Your answer must consist solely of the line containing "Purina Stratefy Professional" and each line after it through the end of the data, copied exactly.

*** Opening of Records provided ***

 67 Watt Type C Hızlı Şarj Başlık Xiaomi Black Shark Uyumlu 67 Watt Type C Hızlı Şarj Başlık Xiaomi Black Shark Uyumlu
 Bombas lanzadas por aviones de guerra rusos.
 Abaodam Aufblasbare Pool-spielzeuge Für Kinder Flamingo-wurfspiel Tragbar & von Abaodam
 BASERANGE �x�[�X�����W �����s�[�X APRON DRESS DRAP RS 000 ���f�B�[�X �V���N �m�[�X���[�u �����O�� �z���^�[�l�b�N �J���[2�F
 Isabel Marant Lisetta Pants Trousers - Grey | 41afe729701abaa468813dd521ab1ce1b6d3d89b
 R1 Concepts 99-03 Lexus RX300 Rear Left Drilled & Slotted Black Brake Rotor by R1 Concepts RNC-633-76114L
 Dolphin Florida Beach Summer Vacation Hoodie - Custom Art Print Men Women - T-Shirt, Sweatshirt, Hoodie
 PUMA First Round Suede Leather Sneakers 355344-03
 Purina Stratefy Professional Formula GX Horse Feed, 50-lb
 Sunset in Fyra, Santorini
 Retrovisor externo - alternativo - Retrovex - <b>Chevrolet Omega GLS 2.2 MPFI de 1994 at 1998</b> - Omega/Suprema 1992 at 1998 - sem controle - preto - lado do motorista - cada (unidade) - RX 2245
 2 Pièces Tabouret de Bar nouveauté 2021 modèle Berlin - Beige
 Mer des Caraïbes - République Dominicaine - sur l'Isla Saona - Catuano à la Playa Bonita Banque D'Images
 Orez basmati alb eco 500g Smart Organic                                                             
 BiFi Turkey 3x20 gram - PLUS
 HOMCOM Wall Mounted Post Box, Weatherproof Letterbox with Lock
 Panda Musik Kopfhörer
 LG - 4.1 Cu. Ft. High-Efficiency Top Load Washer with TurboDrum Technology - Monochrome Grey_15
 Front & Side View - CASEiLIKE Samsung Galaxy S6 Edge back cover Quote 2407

*** Close of Records provided ***

- Written solution:
 Purina Stratefy Professional Formula GX Horse Feed, 50-lb
 Sunset in Fyra, Santorini
 Retrovisor externo - alternativo - Retrovex - <b>Chevrolet Omega GLS 2.2 MPFI de 1994 at 1998</b> - Omega/Suprema 1992 at 1998 - sem controle - preto - lado do motorista - cada (unidade) - RX 2245
 2 Pièces Tabouret de Bar nouveauté 2021 modèle Berlin - Beige
 Mer des Caraïbes - République Dominicaine - sur l'Isla Saona - Catuano à la Playa Bonita Banque D'Images
 Orez basmati alb eco 500g Smart Organic                                                             
 BiFi Turkey 3x20 gram - PLUS
 HOMCOM Wall Mounted Post Box, Weatherproof Letterbox with Lock
 Panda Musik Kopfhörer
 LG - 4.1 Cu. Ft. High-Efficiency Top Load Washer with TurboDrum Technology - Monochrome Grey_15
 Front & Side View - CASEiLIKE Samsung Galaxy S6 Edge back cover Quote 2407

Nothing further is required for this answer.